Video Games & False Significance
Why do we long to be significant? The desire fills us all, manifested in a million different ways. Some people feel significant through athletics, others music, and others money. How we choose to satisfy this desire makes us all unique.

The majority of the significantizers exist in the real world. Video games offer a digital substitute for those real activities. If you’re into music you can become a Guitar Hero. Into sports? Try Madden NFL.
Rock Star Sensation
Tragically, gaming keeps gamers from learning the skills that actually make them significant. They become a guy playing in the living room with a cheap plastic guitar with colorful buttons. The Wall Street Journal says, “Many professional rockers, however, say the game lets them act out a fantasy that their real lives don’t quite match. Sometimes, pretending to be a rock star for a few minutes can be more fun than being one.”
Like aspartame, these games taste more potent than the real world they reflect. But are artificial at their soul.
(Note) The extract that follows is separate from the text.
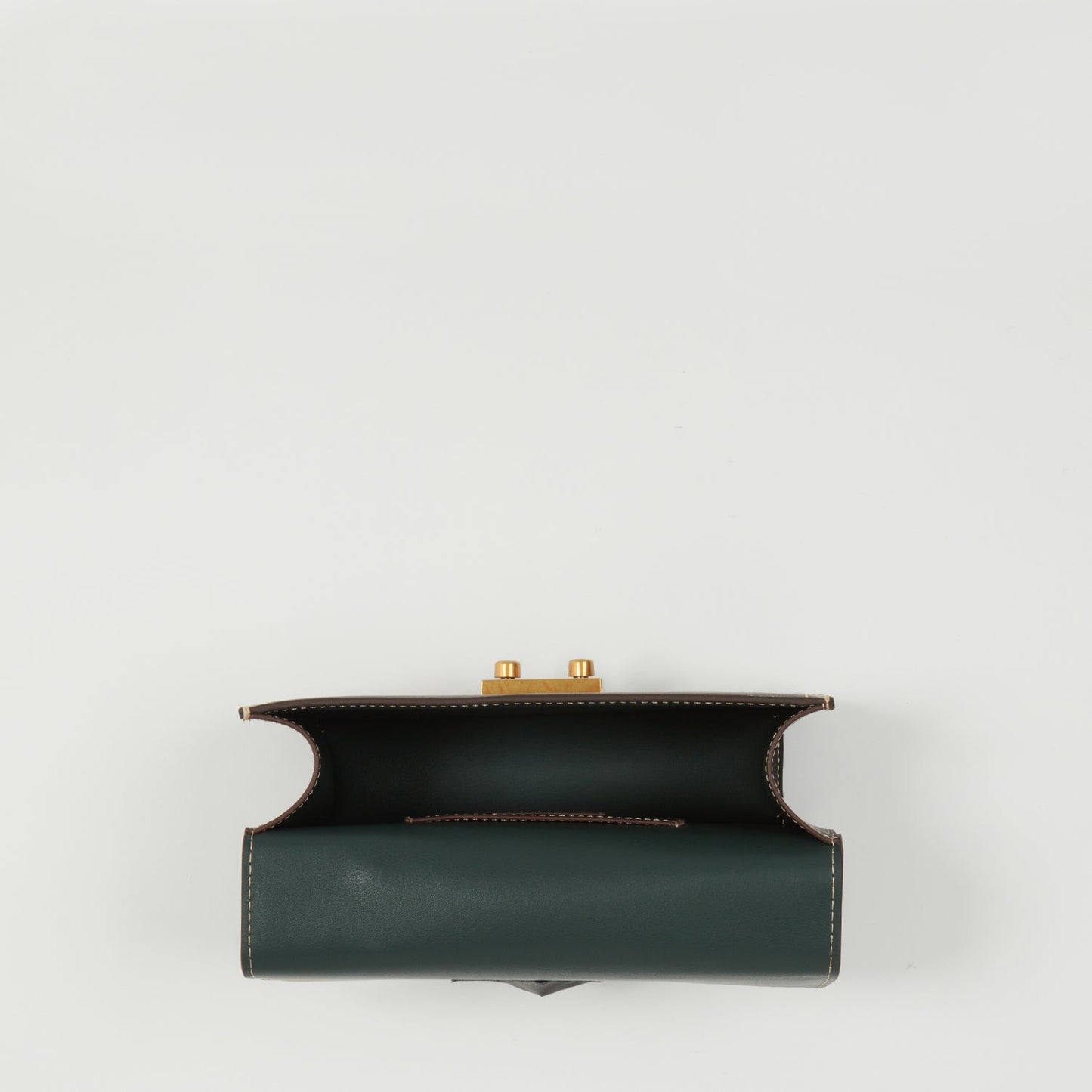 SUSU black leather bag showing interior pocket and organizational features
The Wall Street Journal wrote an article that talked about how dozens of top tier bands like Korn, Incubus and Donnas became wrapped up in Guitar Hero. Real rock stars pretending to be fake rock stars. According to the Journal the band Three Days Grace struggled with Guitar Hero cutting into their recording time for their new album.
Guitar Hero gives the rock star sensation as much as, or more than being a true rock star. The game constantly gives players feedback through cheering crowds. The better you play the more they cheer. It cuts through the boredom of traveling from gig to gig and the responsibility of honing the skills needed to become a real rock star.
The game just drops you on a stage in front of an audience ready to lavish their affection on your skilled playing. If you can get the buzz playing a game, why go through the years of practice needed to become a real rock star?
This may be an extreme example since not many people can become rock stars but it illustrates the point:
Virtual activity becomes a substitute for real activity.
In the game… I’m special
After hearing me give a talk about gaming, one child admitted to his mother “In the game I’m special. In real life I’m not.” This simple statement points out a tragic truth. The more we invest in a non-existent world, the poorer we become in the real one. King Solomon said this a different way, “The man that soweth food will have his full share, the man that chases fantasy will have poverty.” Video gaming is a bad investment. Why waste your time, the most precious treasure you have, trying to level up.
Leveling up in real life
Imagine how much you could accomplish if you “leveled up” your real life abilities with as much intensity as you do your online abilities. If you spent the same amount of time studying, working, and taking risks in the real world as they do in the virtual world. How more effective would you be as a person? I can tell you that my life improved dramatically when I started leveling up my real life character. I started reading books like 7 Habits of Highly Effective People by Steven R. Covey The book can show you how to level up your life. It changed my life.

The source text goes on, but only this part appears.